I have in fact discovered that solo with children is even MORE fun, I continue to meet all the tasks of it in on time, and having fun, and getting to know them deeper because there is a difference in the way we know the babies and the way we know the children and the way we know the adolescents. so here we go into adolescence, and I am getting to know them as people, work with them in their inner lives, be supporter and Home, encourage and remind them. they are so delightful, gyargh, and in the flow of daily child care, I like it, and the key different thought that changed the difficulty for me was that these driving errands and places to be, tutors and school and can you believe they are somewhere at all times and can’t get themselves anywhere, these drives and locations are the site of our relationship. Convo’s in the car aren’t asides that don’t count in our ‘reality,’ so elusive that we have to go on vacation to find. life is NOW. never do I feed the writing fingers any ideas, because then they get all Eddy Haskell about it. but I was thinking about Now, now, the nothing that’s all there is.
I haven’t washed my face. and there’s a carpool convo to be had. i was working on a writing project away from the phone. shew. what are the ethics of refusing to give the world access to oneself?
nap, lavender Epsom salt bath, start the veggie soup with baby lentils, red beans, yellow potatoes, and spinach? carpool convo?
even the carpool convo wasn’t so bad, the working of the worldly tasks, the stacking of the BB’s. I have to change my grip completely from the studio mindset to the scheduling mindset to make a plan, because children are certainly not going to be picked up at whatever time spirit moves me, but at a concrete time made in scheduling mindset.. I have to set iron pins in my mindscape that call me to the actions of my responsibilities, otherwise I might float right past them, diaphanous and unawares. I use my phone alarm a lot. being well-slept is an important part of showing up.
today is biz. and arriving at two separate school pickups with a hot dinner in a thermal bag that I’ll serve them individually as the other takes their turn with the tutor. they won’t like the food I bring, and will ask for pizza of spray-foam white flour and cartoon cheese. They’ll whine about my homemade from scratch lentil vegetable soup and baked mac and cheese cups. they won’t like it. Why do I expand this aspect in my head, just bring the soup and wait the twenty to forty years it takes them to realize that was nice food I gave them in their childhoods. should I just smile mildly and lean back softly in my chair, gently dumping the rejected food into the wastepaper size trash can in the mini kitchen at the tutor’s office building where I take them an hour and ten minutes away every wednesday until 7 pm? I need more shrinking. I wasn’t anticipating this very tough problem. my head clamps down above the eyes.

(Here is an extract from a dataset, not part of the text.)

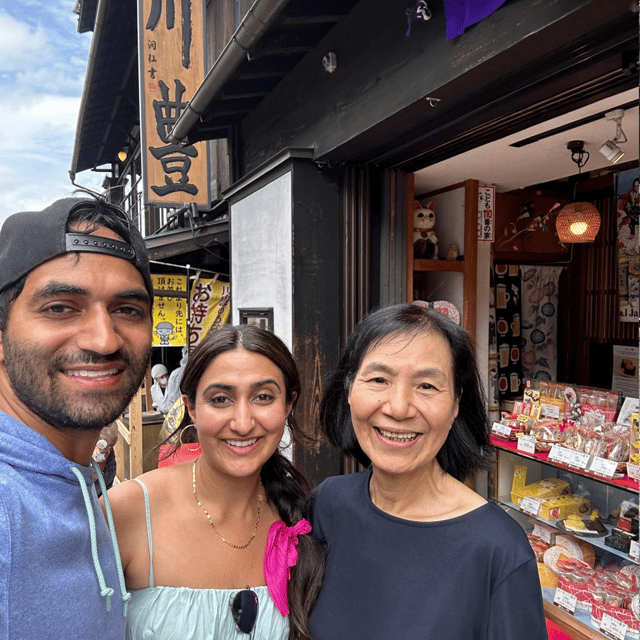 From Narita Airport: Private Layover or Transit Guided Tour - Lunch near Omotesando: seasonal choices and the eel question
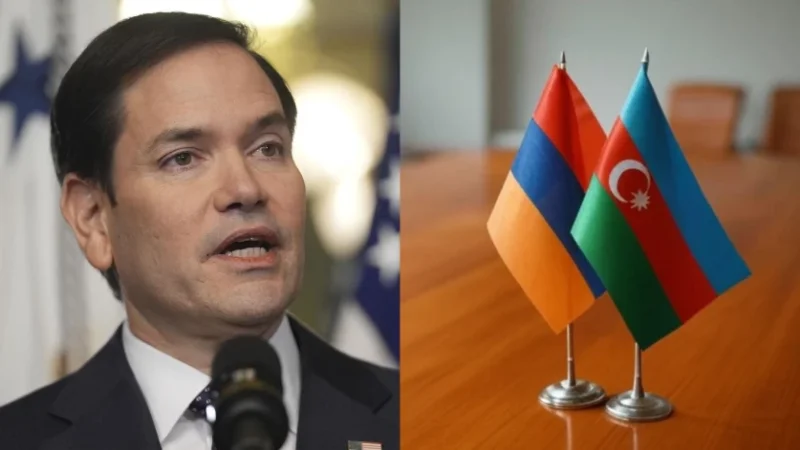 Ադրբեջանի և ՀՀ-ի միջև զինված հակամարտության իրական վտանգը պահպանվում է. Ռուբիո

I’m going as fast I as damn well please.
i am mothering. god grant me that i write the mothering as well, beginning with the parts about underplaying my motherhood to The Art World, which is paramount to hiding it, which makes me burst out laughing at the keyboard that one could possibly shake loose of children, even in the most dire professional moment. and how i see the younger ladies now bringing the babies along and still getting respect thank gods. Thank you ladies, then I imagine myself explaining to my great childless heroes, Beatrice Wood and Jane Goodall why I also didn’t put the writing voice into mothering, and in both cases I feel like a silly simpleton, be your full self, they both tell me. they are where my brain is, it’s in the car with my children. all the time.
and so I look for regular breaks in the driving, and bring my lap desk and glowing salt lamp powered by the cigarette lighter I sadly don’t need anymore. and lighter-to-AC plug adaptor, so I can power my laptop while I wait on heated seat.